Saudi Arabia’s foreign reserves rise to a 6-year high of $475bn

Updated 22 February 2026
Follow

Saudi Arabia’s foreign reserves rise to a 6-year high of $475bn

RIYADH: Saudi Arabia’s foreign reserves climbed 3 percent month on month in January to SR1.78 trillion, up SR58.7 billion ($15.6 billion) from December and marking a six-year high.

On an annual basis, the Saudi Central Bank’s net foreign assets rose by 10 percent, equivalent to SR155.8 billion, according to data from the Saudi Central Bank, Argaam reported.

The reserve assets, a crucial indicator of economic stability and external financial strength, comprise several key components.

According to the central bank, also known as SAMA, the Kingdom’s reserves include foreign securities, foreign currency, and bank deposits, as well as its reserve position at the International Monetary Fund, Special Drawing Rights, and monetary gold.

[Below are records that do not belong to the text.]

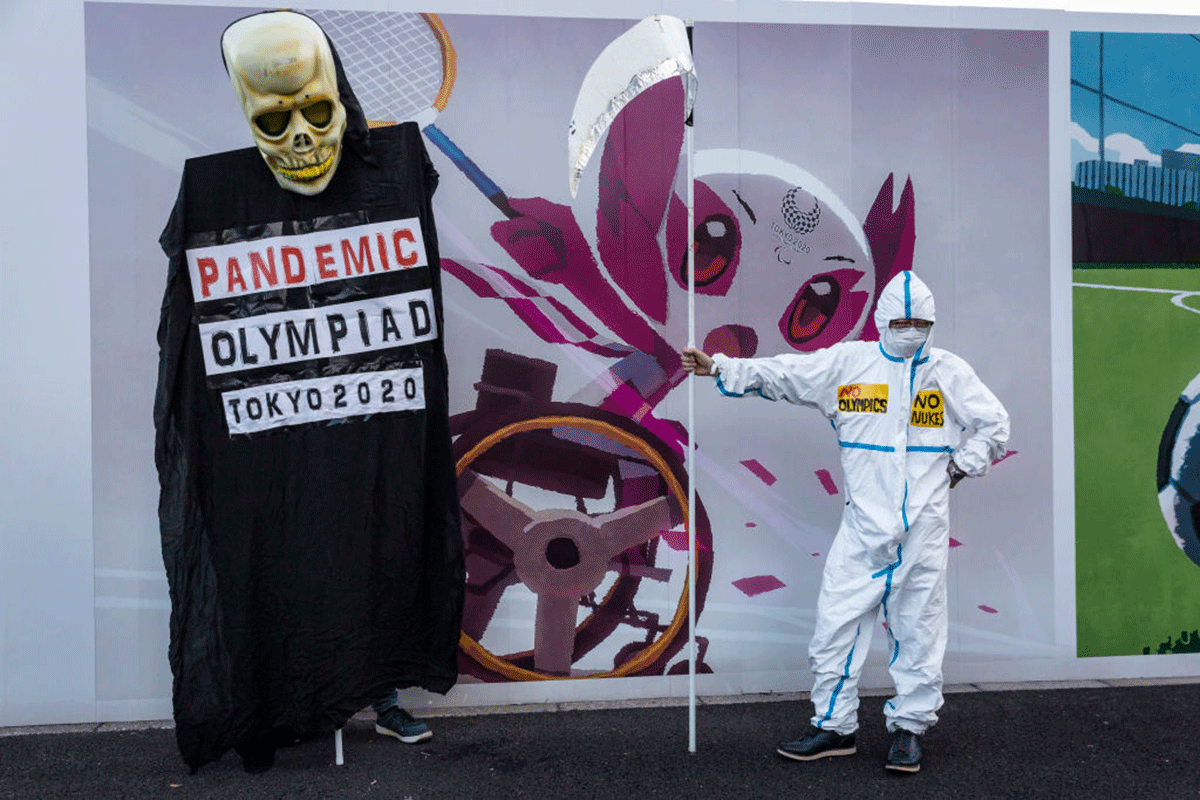 Protesters demonstrate against the forthcoming Tokyo Olympic Games in Tokyo on Friday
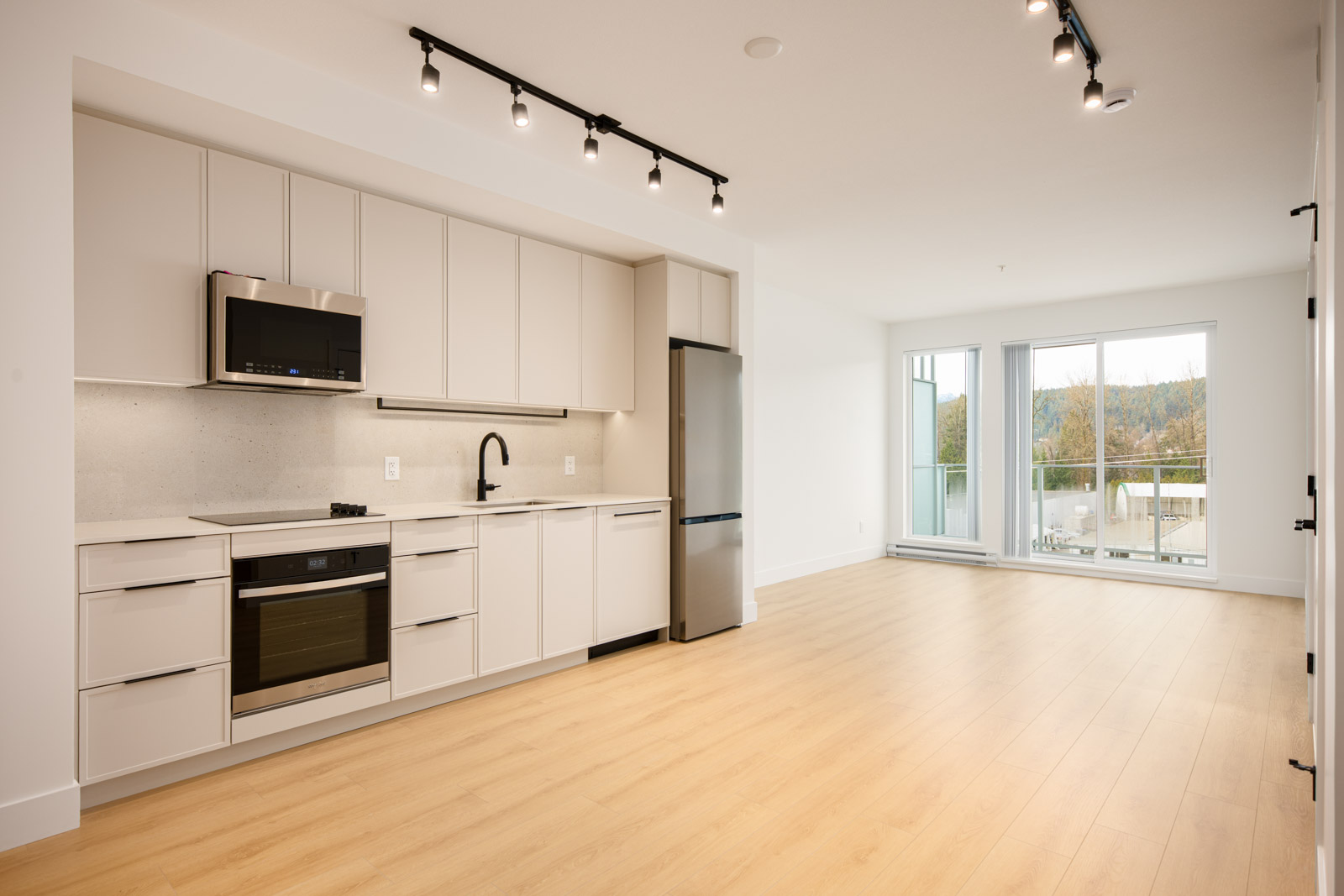 Modern apartment interior with light wood flooring, white cabinetry kitchen, stainless steel appliances, and large windows letting in natural light.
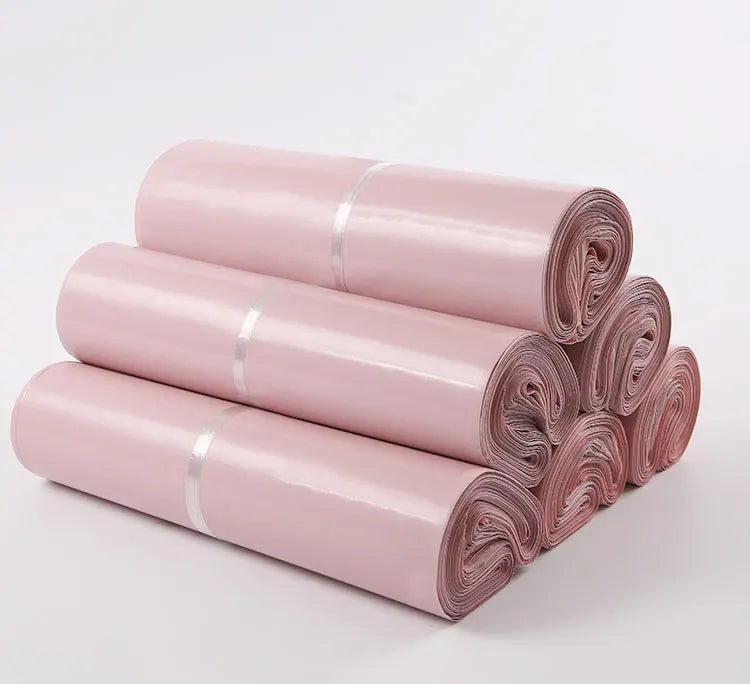Rolls of pink waterproof self-seal poly mail bags stacked diagonally on a white surface.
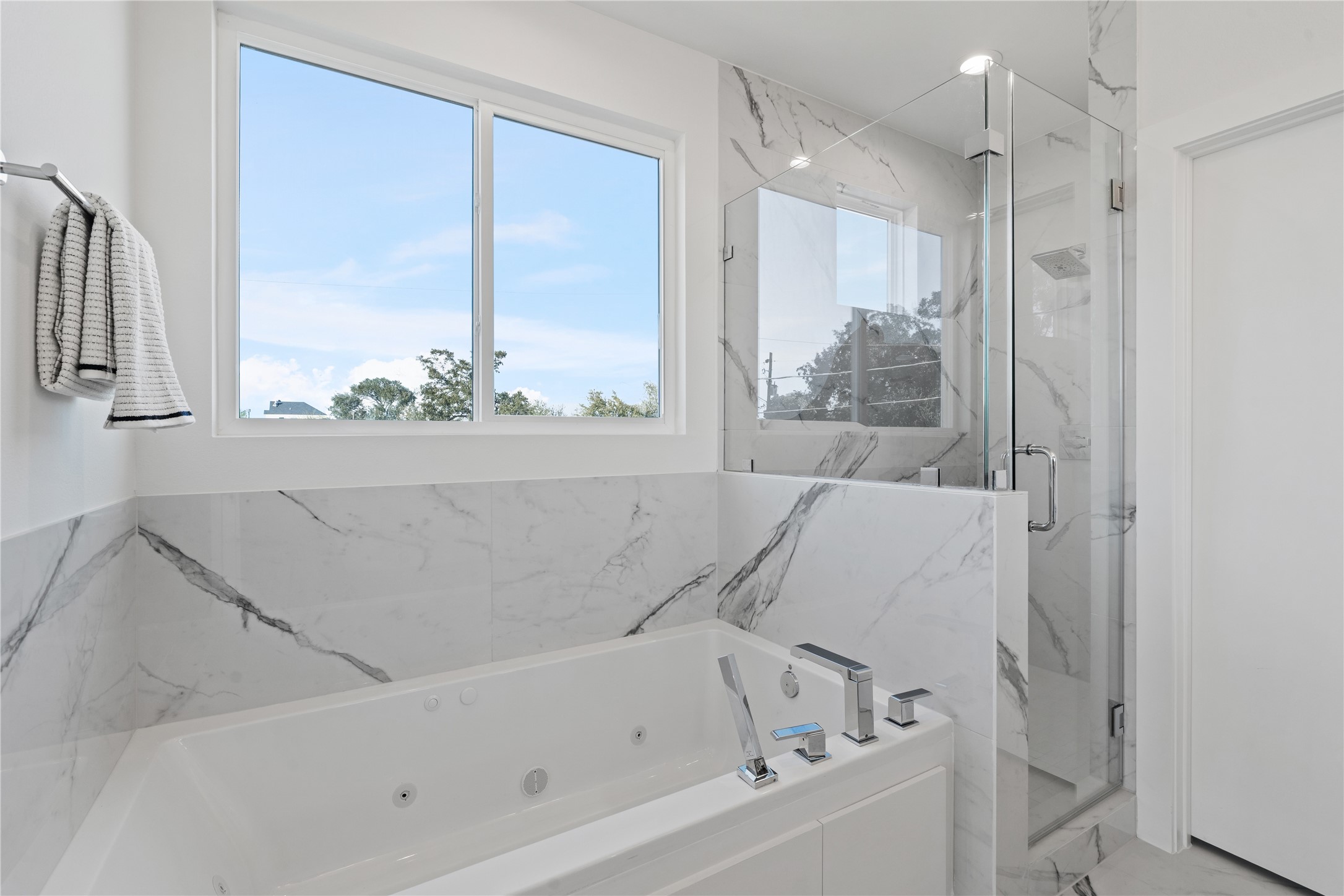 5404 Mulvey Street Houston, TX 77020 - Photo 20 of 28 a bathroom with a bathtub and a shower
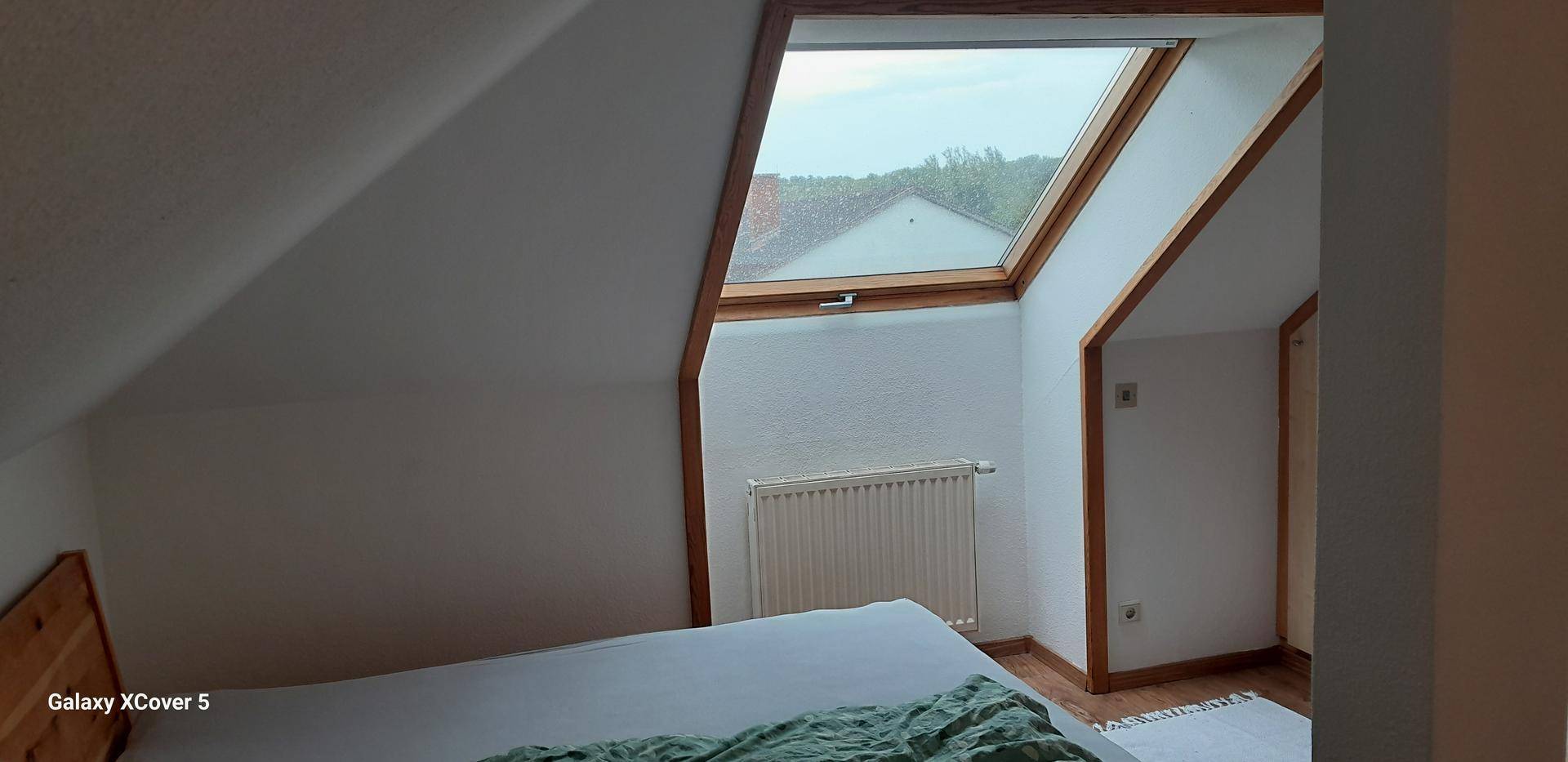 Helles Schlafzimmer im Dachgeschoss mit Dachfenster und Heizkörper, bietet eine gemütliche Atmosphäre.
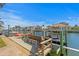 View of a boat dock on the water with a bench, boat lift, jet ski and waterfront homes in the background at 2028 Illinois Ne Ave, St Petersburg, FL 33703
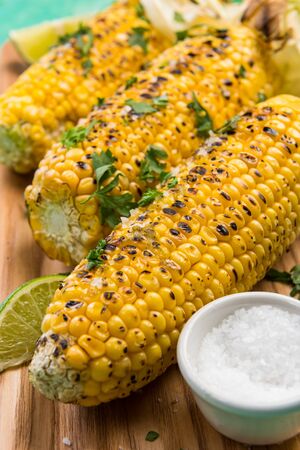 BBQ Grilled COrn on Cob with Lime and Coriander. Mexican Street Food.の写真素材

The rise in reserves underscores the strength and liquidity of the Kingdom’s financial position and aligns with Saudi Arabia’s goal of strengthening its financial safety net as it advances economic diversification under Vision 2030.

The value of foreign currency reserves, which represent approximately 95 percent of the total holdings, increased by about 10 percent during January 2026 compared to the same month in 2025, reaching SR1.68 trillion.

The value of the reserve at the IMF increased by 9 percent to reach SR13.1 billion.

Meanwhile, SDRs rose by 5 percent during the period to reach SR80.5 billion.

The Kingdom’s gold reserves remained stable at SR1.62 billion, the same level it has maintained since January 2008.

Saudi Arabia’s foreign reserve assets saw a monthly rise of 5 percent in November, climbing to SR1.74 trillion, according to the Kingdom’s central bank.

Overall, the continued advancement in reserve assets highlights the strength of Saudi Arabia’s fiscal and monetary buffers. These resources support the national currency, help maintain financial system stability, and enhance the country’s ability to navigate global economic volatility.

The sustained accumulation of foreign reserves is a critical pillar of the Kingdom’s economic stability. It directly reinforces investor confidence in the riyal’s peg to the US dollar, a foundational monetary policy, by providing SAMA with ample resources to defend the currency if needed.

Furthermore, this financial buffer enhances the nation’s sovereign credit profile, lowers national borrowing costs, and provides essential fiscal space to navigate global economic volatility while continuing to fund its ambitious Vision 2030 transformation agenda.